Exercise objective: Return all lines from the listing below in which "image" appears.

Provided records:
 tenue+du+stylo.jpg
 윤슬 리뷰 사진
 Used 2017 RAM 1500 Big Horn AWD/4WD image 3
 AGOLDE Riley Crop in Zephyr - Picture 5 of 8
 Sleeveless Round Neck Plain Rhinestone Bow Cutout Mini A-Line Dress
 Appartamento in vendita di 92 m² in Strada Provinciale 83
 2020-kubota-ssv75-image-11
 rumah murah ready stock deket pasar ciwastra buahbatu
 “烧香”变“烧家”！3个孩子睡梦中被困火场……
--
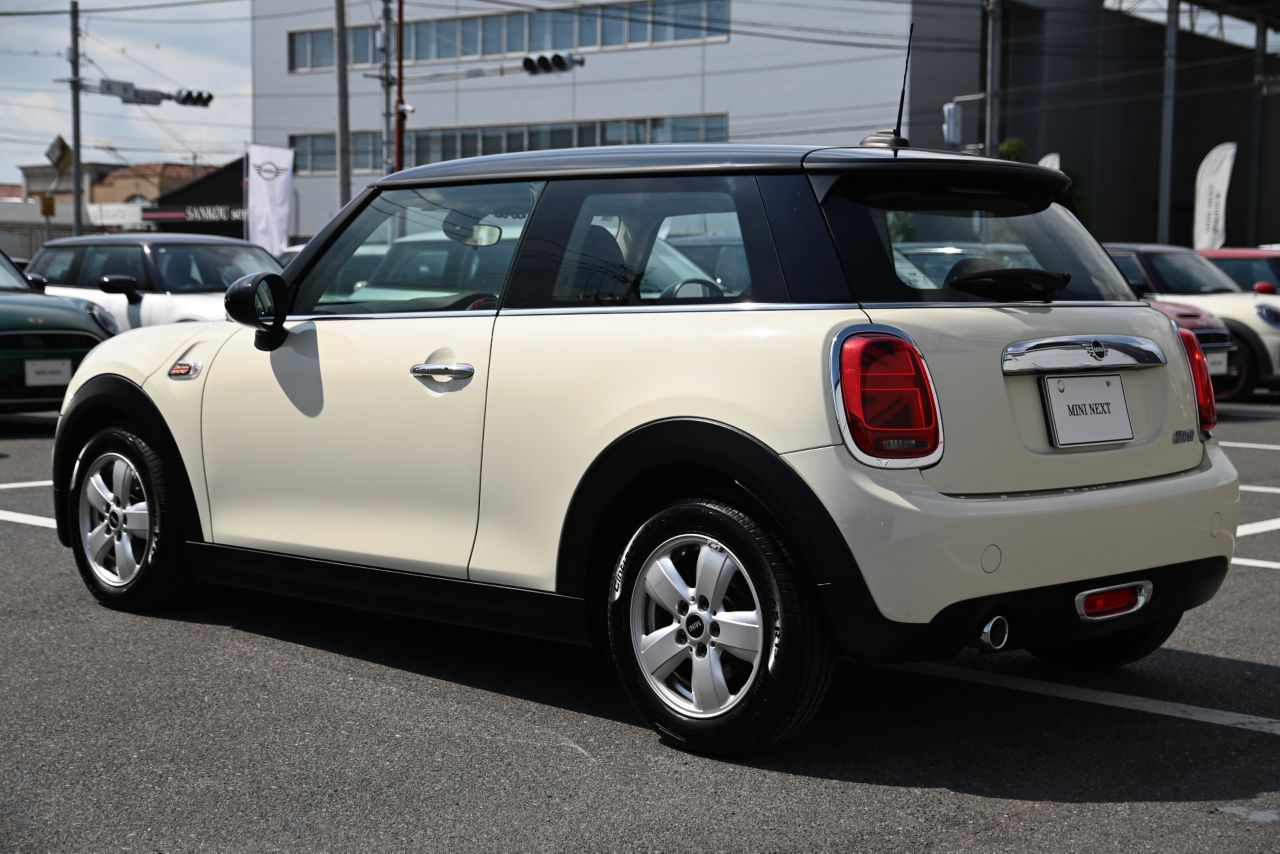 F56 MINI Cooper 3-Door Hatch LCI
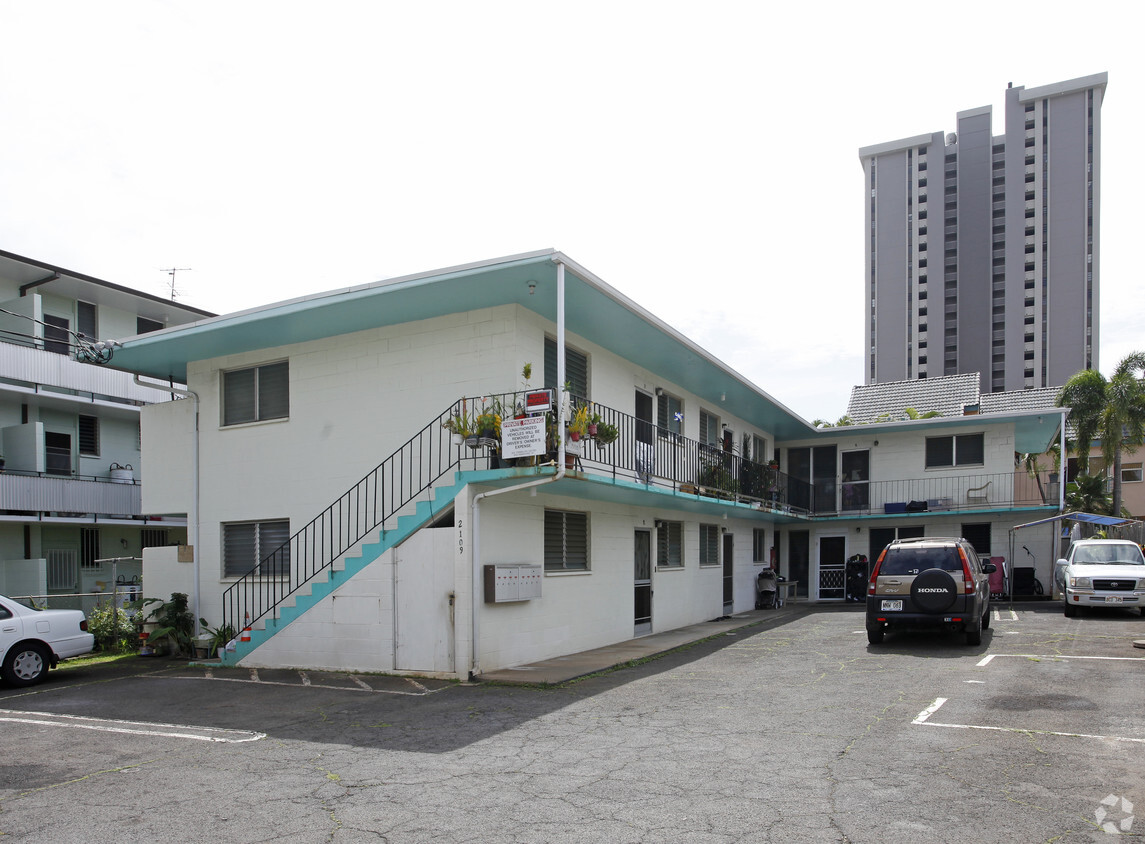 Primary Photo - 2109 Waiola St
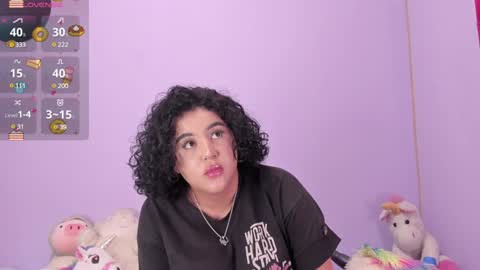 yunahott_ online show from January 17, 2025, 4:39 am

Answer to this problem:
 Used 2017 RAM 1500 Big Horn AWD/4WD image 3
 2020-kubota-ssv75-image-11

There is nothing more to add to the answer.